Take these metrics with a pinch of salt, since they are only meant to give a super high level sense of how these models are performing. Most of the fields are not annotated.

The character match evaluation is particularly incomplete, since the stats are just comparing literal strings for equality (barring lowercase differences).

Current system performance metrics:

Model SpeedAvg Response TimeLambda Cold StartCost per Request
Regular15-30s~2-3s~$0.02
Fast5-10s~2-3s~$0.008
Super Fast2-5s~2-3s~$0.003

Environment Configuration:

  • Lambda Environment Variables: GOOGLE_API_KEY stored securely in Lambda configuration
  • Frontend Environment Variables: NEXT_PUBLIC_LAMBDA_API_URL and NEXT_PUBLIC_API_KEY for API Gateway endpoint and authentication
  • API Gateway: Configured with usage plans and throttling limits

Technical Lessons Learned

1. Structured Outputs Are Game-Changing

The single most impactful technical decision was implementing Pydantic-enforced structured outputs. This eliminated ~90% of parsing errors and dramatically improved response quality.

2. Context Injection Improves Accuracy

Allowing users to provide image type hints (tomb, temple, other) significantly improved model accuracy by focusing attention on relevant historical contexts.

3. Model Speed Options Enhance UX

Offering multiple speed tiers provides users control over the speed-accuracy tradeoff, essential for interactive applications.

4. Error Handling is Critical

Robust retry logic and error recovery transforms a demo into a production-ready system.
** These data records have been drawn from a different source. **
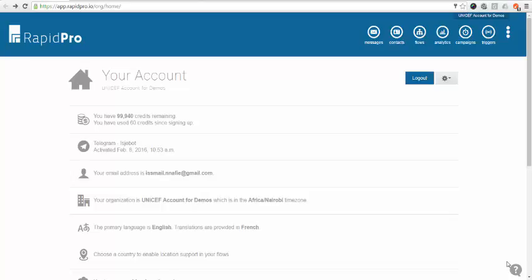Hi everyone, my name is Ismail Nafi and I work as Innovation Specialist with the UNICEF Global Innovation Center. In this video I will explain how to create a flow in multiple languages. This is useful if you are working in a country where more than one language is spoken.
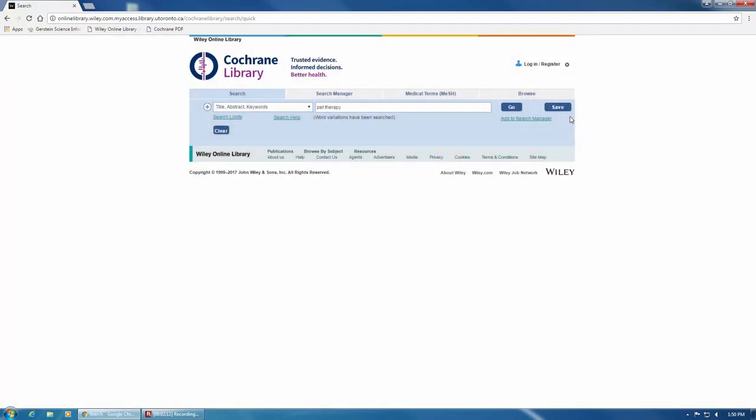Before we go ahead and run our search, one important thing to note is that Cochrane will not automatically add anything you search to your search history. If you want the database to remember what you've searched, you need to click here on Add to Search Manager.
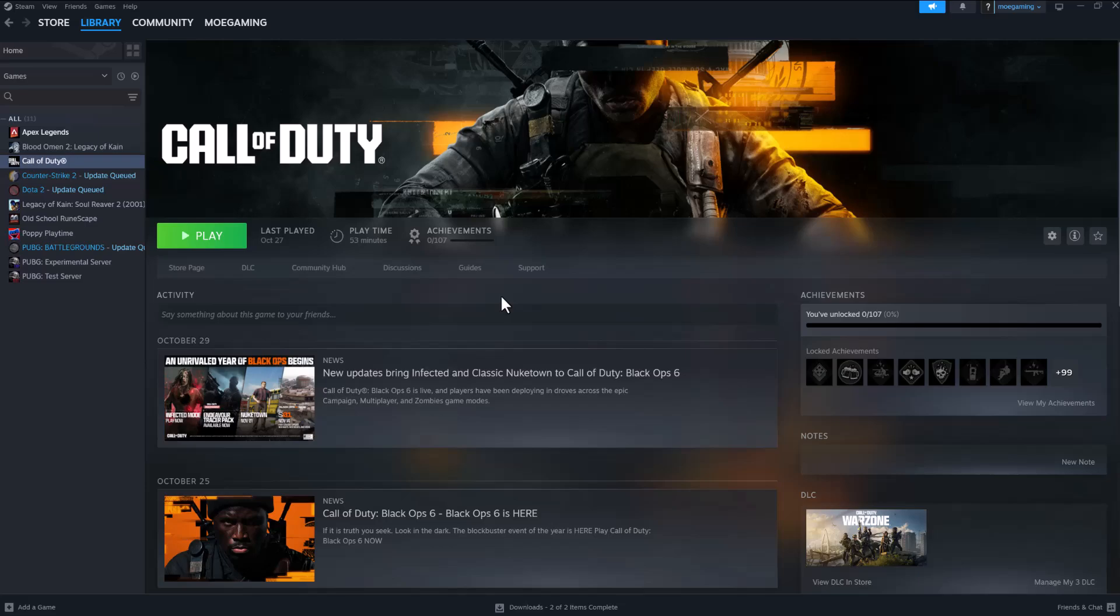What is up everyone, this is MallGamer here. Today I'm going to show you how to fix the Black Ops 6 error code 0x00013370N. This application has unexpectedly stopped working, so let's get right into this.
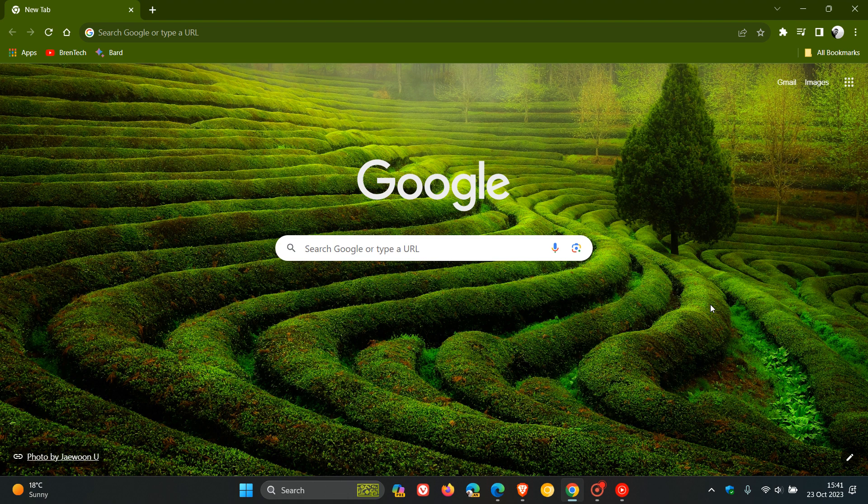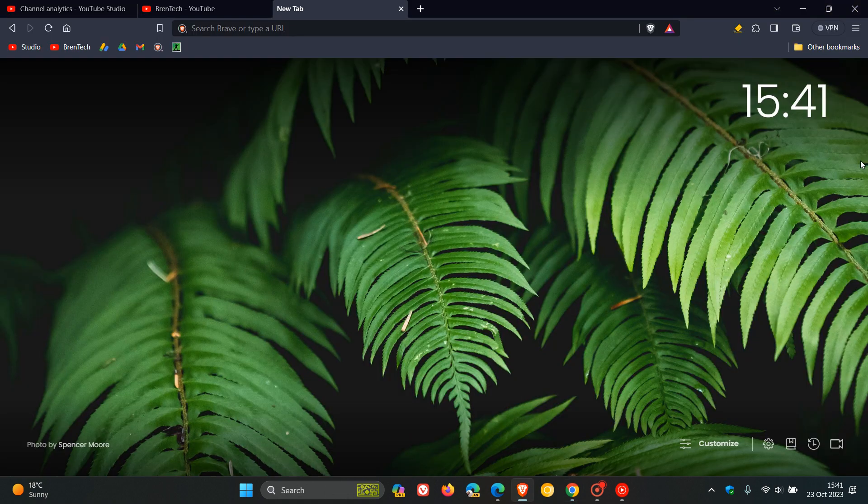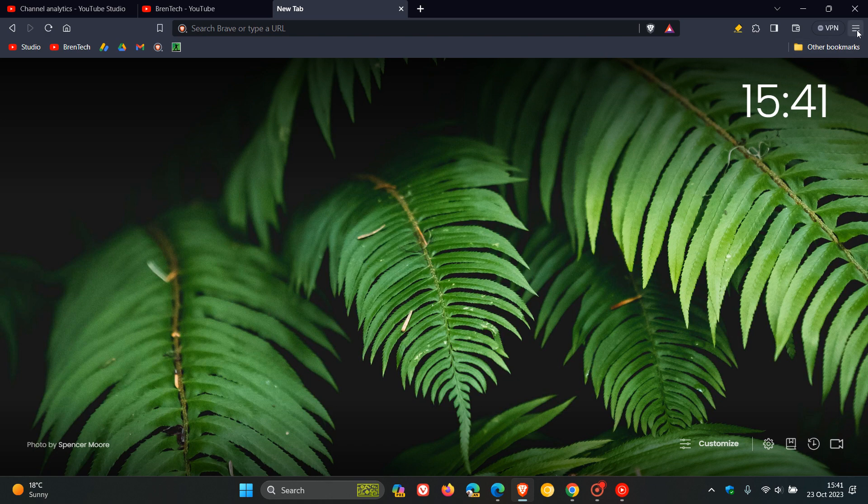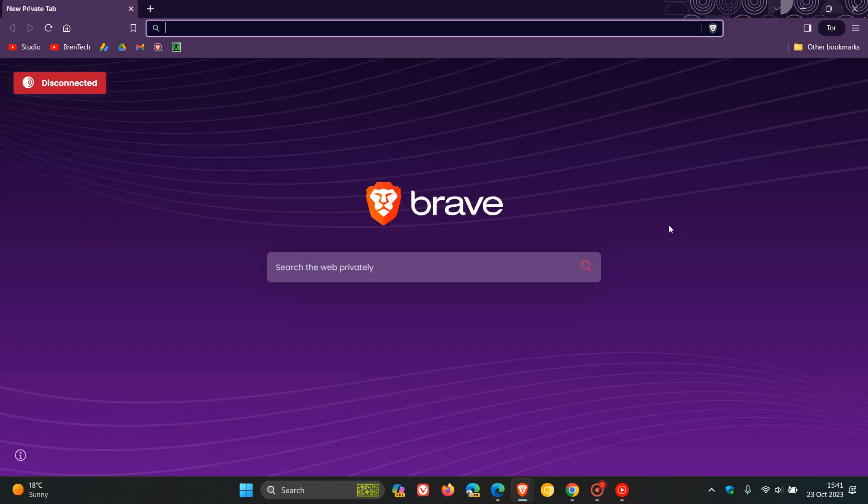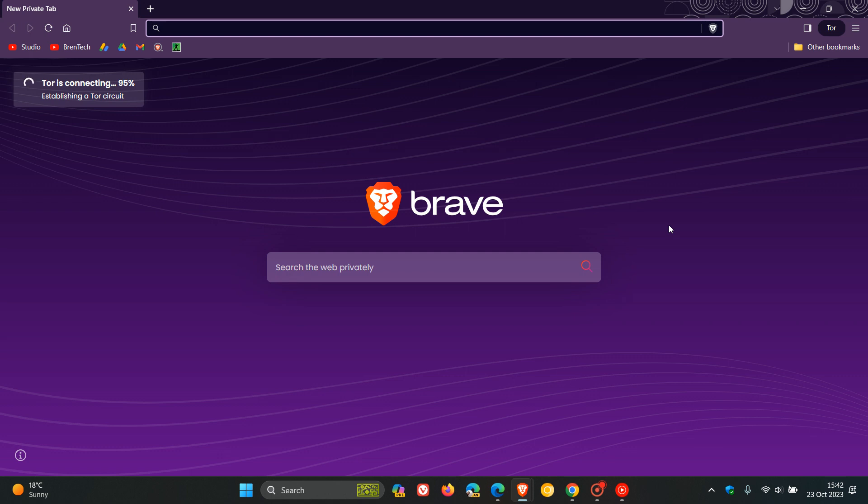This is very similar to a VPN service or a service like Tor, which by the way has also been bundled into the private browsing of Brave, so you can open a new private window with Tor, as many of you may know.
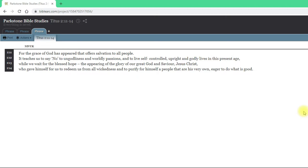Let me read through them first. Titus chapter 2 verses 11 to 14: "For the grace of God has appeared that offers salvation to all people. It teaches us to say no to ungodliness and worldly passions and to live self-controlled, upright and godly lives in this present age, while we wait for the blessed hope, the appearing of the glory of our great God and Saviour Jesus Christ, who gave himself for us to redeem us from all wickedness and to purify for himself a people that are his very own, eager to do what is good."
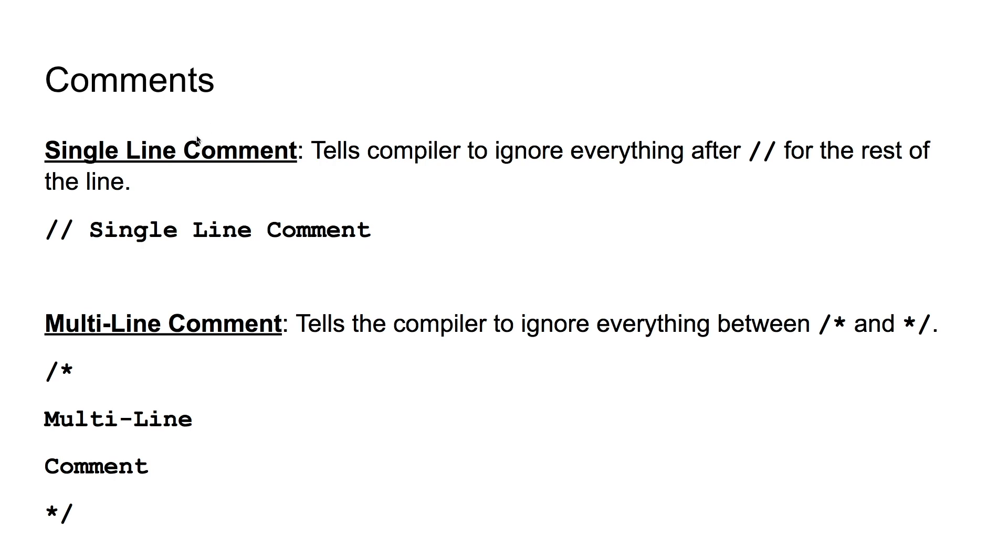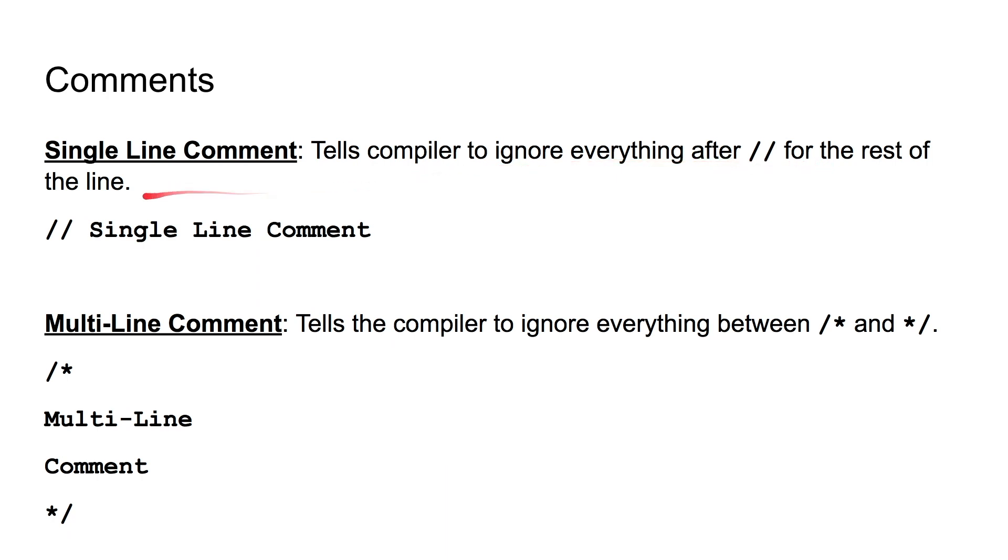And there's two types of comments. There is single line comments, and there is multi-line comments. A single line comment tells the compiler to ignore everything after the double slash for the rest of the line.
The Gemini API can be temperamental, making retry logic essential.

Conclusion

The Egyptian AI Lens demonstrates how modern LLM APIs can be effectively integrated into production web applications. Key architectural decisions include:

  • Clean frontend-backend separation for maintainability
  • AWS Lambda + API Gateway for scalable serverless infrastructure
  • Docker containerization for consistent runtime environments
  • Structured outputs to reduce hallucinations
  • Dynamic model selection for user control
  • Context injection for improved accuracy
  • Robust error handling for production reliability
  • API Gateway authentication with usage plans for security

The current AWS Lambda architecture provides production-ready infrastructure with:

  • Automatic scaling and pay-per-use pricing
  • CloudWatch monitoring for observability
  • API Gateway for request management and security
  • Docker deployment for consistent runtime environments

This architecture scales from personal projects to production workloads while maintaining cost efficiency and operational simplicity.

Try the system: Egyptian AI Lens
Source code: Available in the Lambda repository

The intersection of computer vision, large language models, and archaeology opens fascinating possibilities for making historical knowledge more accessible. This project serves as a blueprint for similar applications across other domains.